A falsa abolição brasileira ocorreu em um contexto de pressão internacional para o fim da escravização dos negros junto aos interesses da elite brasileira do momento que vizualizava que era preciso sair daquele modelo de produção para conseguirem lucrar mais. Além disso, a organização dos negros que eram escravizados por meio dos quilombos e das revoltas pressionou cada vez mais a ruptura com o modo de produção escravista. Mas depois disso, o que aconteceu com a população negra? Quais ações e políticas foram desenvolvidas para inserir o negro brasileiro na sociedade do “trabalho livre”? E quando pensamos sobre Mossoró, o que já temos de concreto e quais caminhos podemos construir para avançar na elaboração e implementação de políticas públicas voltadas para o povo negro?

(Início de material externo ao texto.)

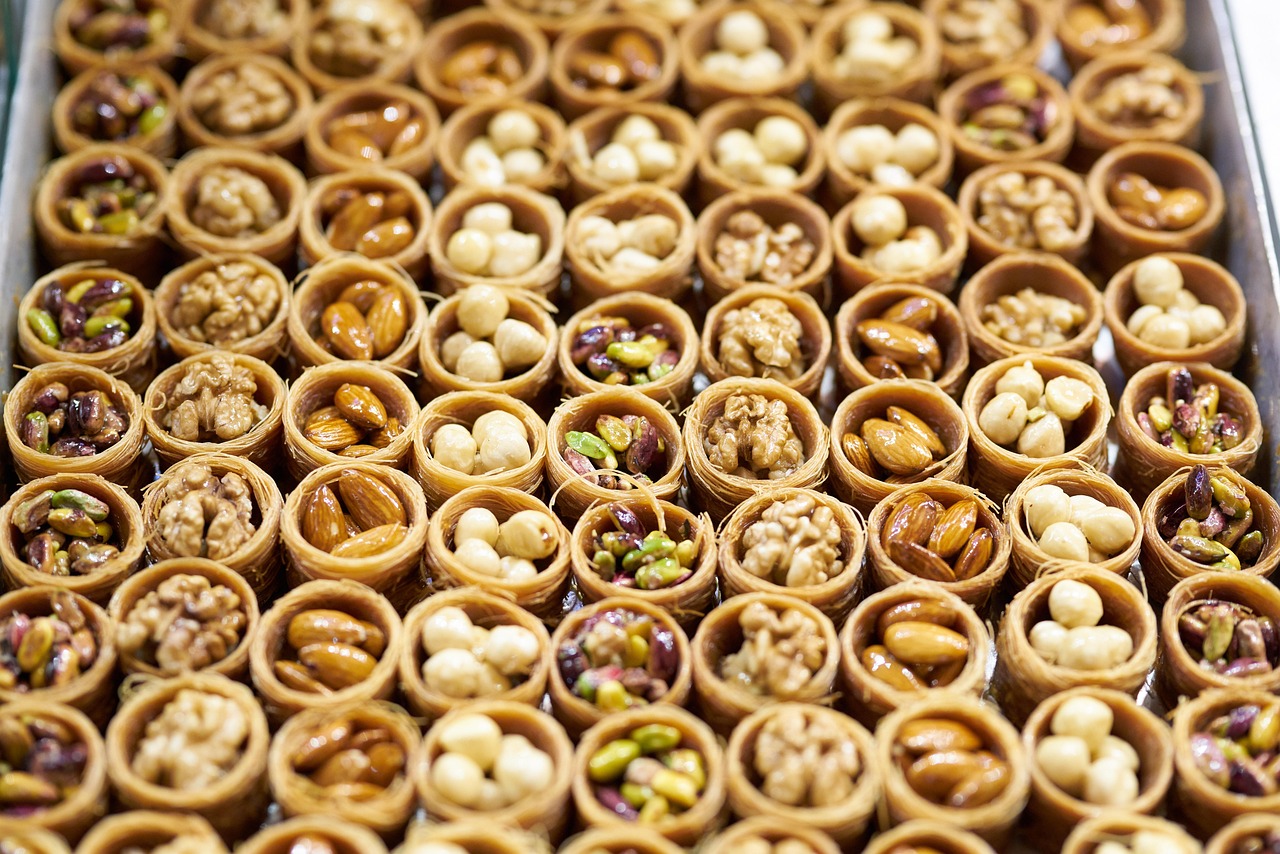 Traditionelle Teignester gefüllt mit Pistazien, Walnüssen und Haselnüssen in Istanbul.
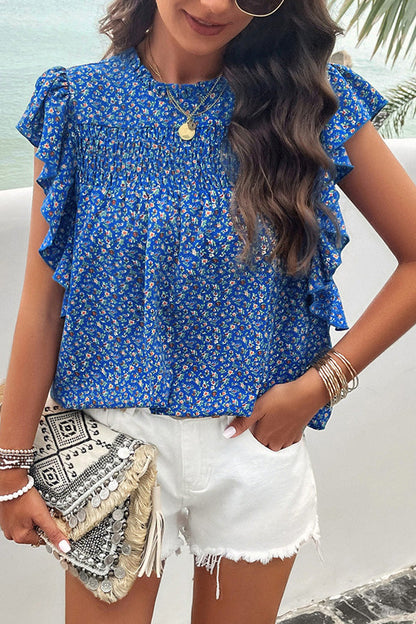 Classic Vintage Pullover with a Flattering Fit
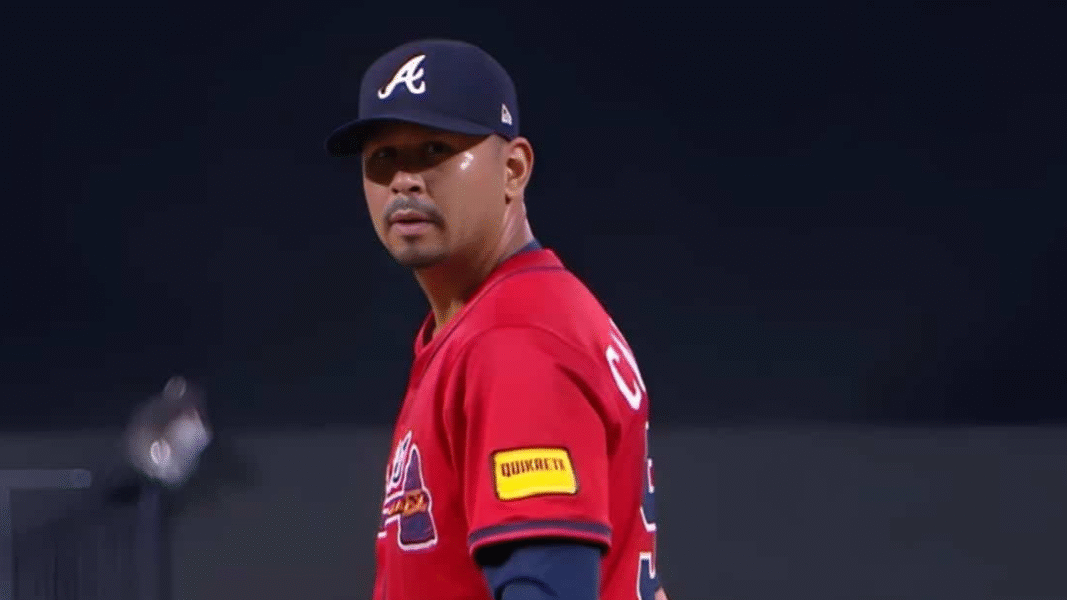 Los Bravos apuestan por Carlos Carrasco en ligas menores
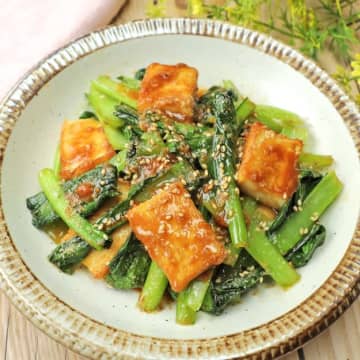 【冬の小松菜はこうやって食べて】「10分で感激の味」「ほっこり温まる」フライパンひとつで作れる簡単おかずレシピ5選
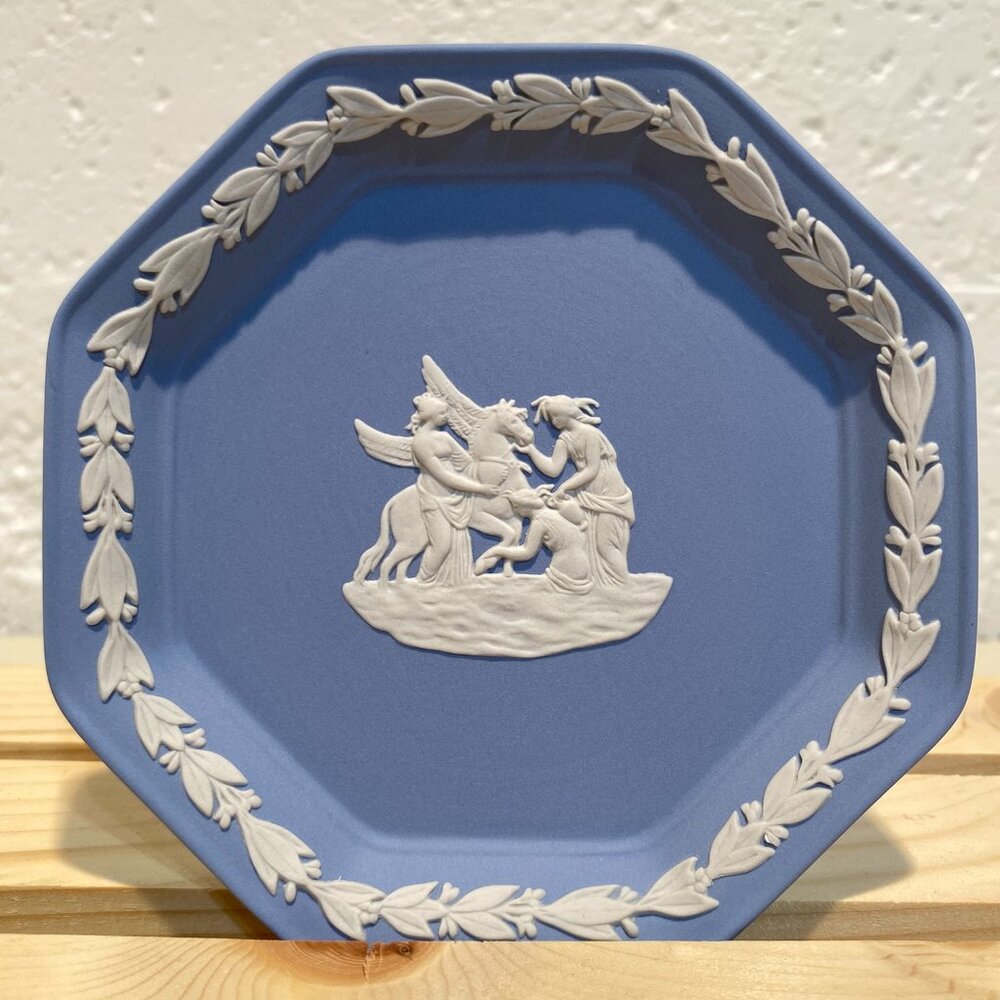Wedgwood Blue Jasperware Octagonal Plate with White Motif - Muses with Pegasus - Picture 3 of 6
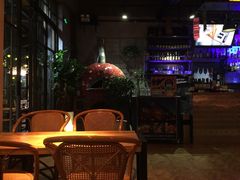 山色西餐厅-山色·柴火烤披萨·西餐·原切牛扒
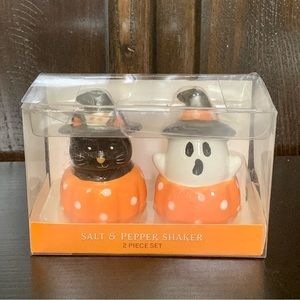 Black Cat and Ghost Witch in Polka Dot Pumpkins - Halloween Shaker Set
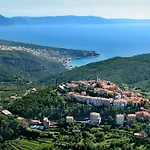 Panoramica By Interhome *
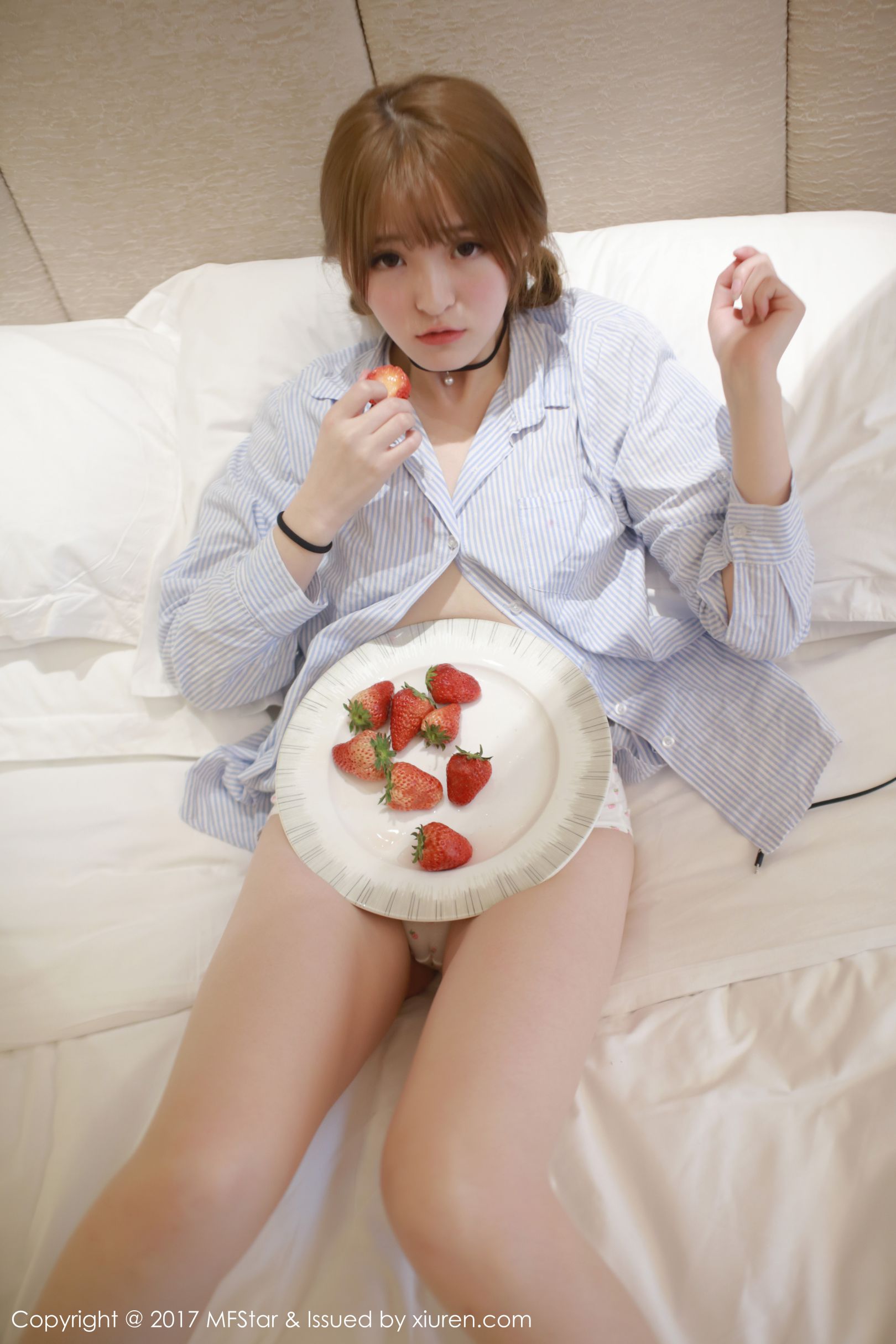 [MFStar模范学院] Vol.096 伊小七MoMo - 草莓内裤+衬衫系列[60P]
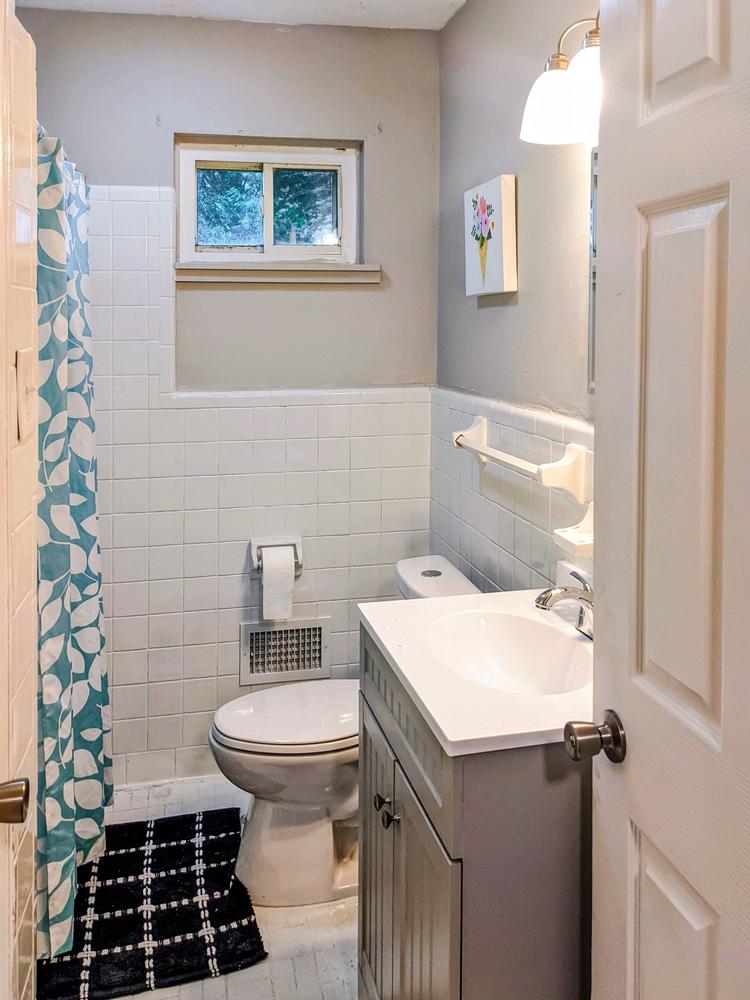 Bathroom(s)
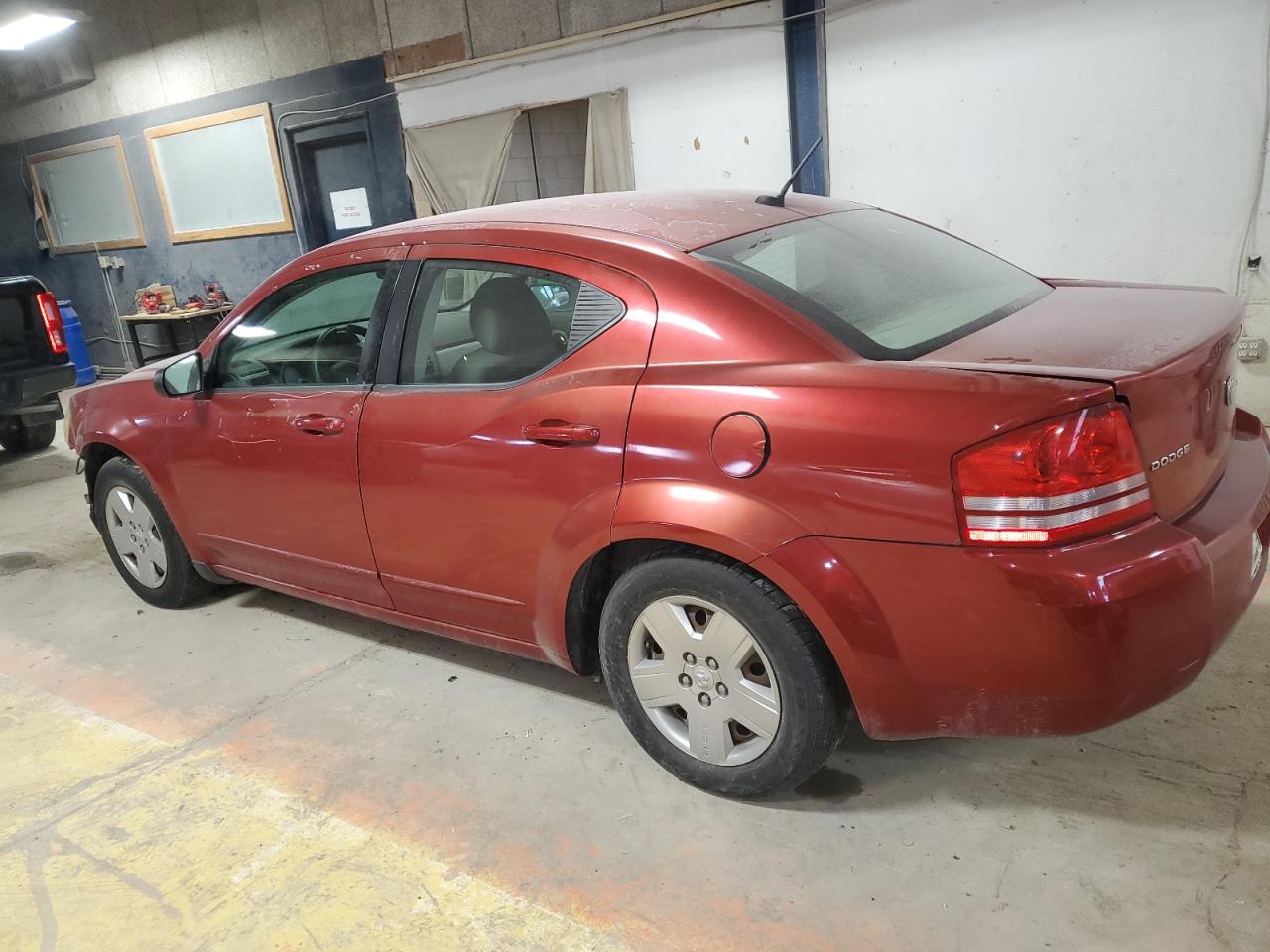2009 Dodge Avenger - Image 2
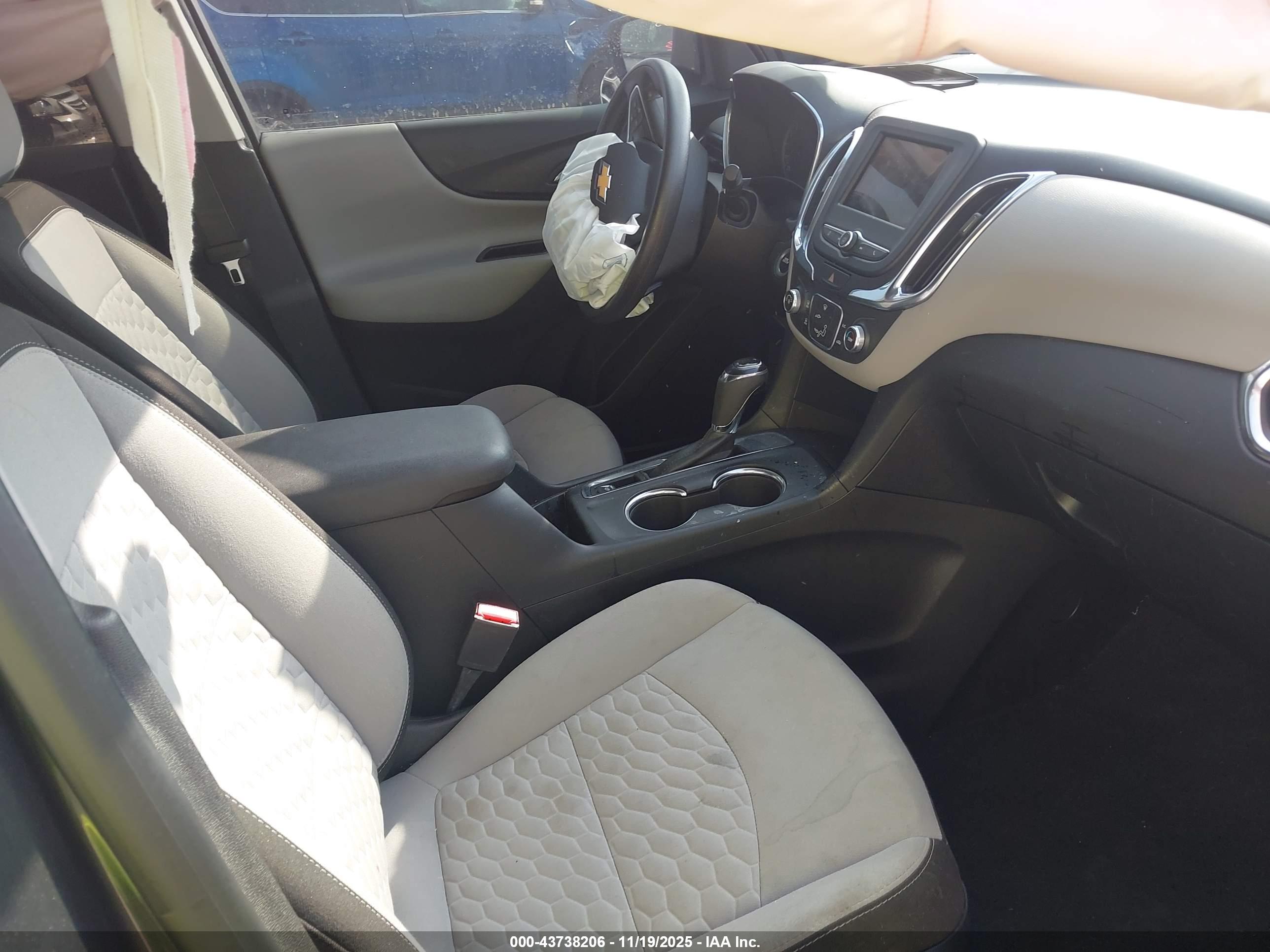 CHEVROLET EQUINOX image 5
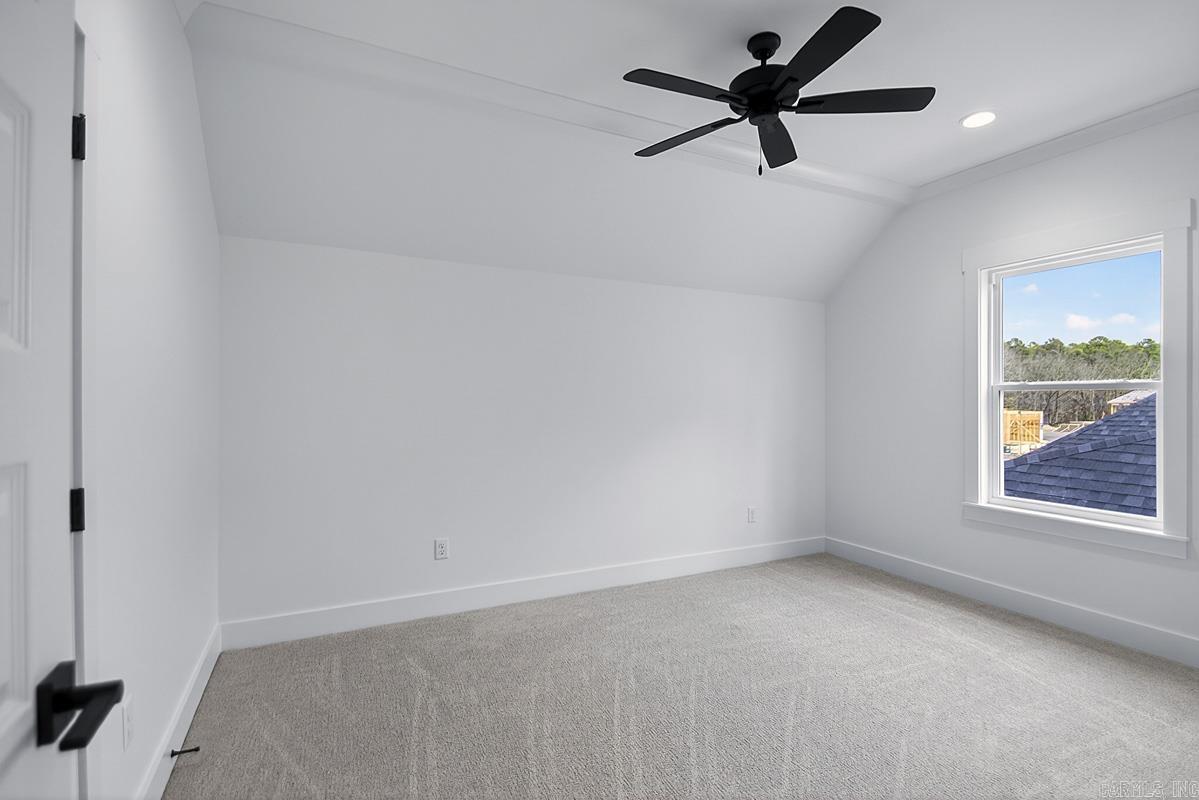 121 Kinley Loop Property Photo 25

Quando olhamos para a história do pós 13 de maio de 1888, percebemos que há um incentivo por parte da elite brasileira em trazer cada vez mais europeus para ocupar os espaços de trabalho, pois não era de interesse desses qualificar a mão de obra negra. O que restou para a população negra existente foi a marginalização, a repressão e as péssimas condições de vida. Foi o que a Lélia Gonzalez apontou sobre o pós-abolição: para os negros, violência, morte, exposição dos corpos, trabalhos precarizados e pouca ou nenhuma garantia de direitos básicos. Essa realidade poderia ser algo que deveria ter ficado no passado diante dos mais de 130 anos que o Brasil aboliu a escravização de forma legal, mas que ainda é presente devido a como a elite branca brasileira agiu e age cotidianamente para manter seu status quo.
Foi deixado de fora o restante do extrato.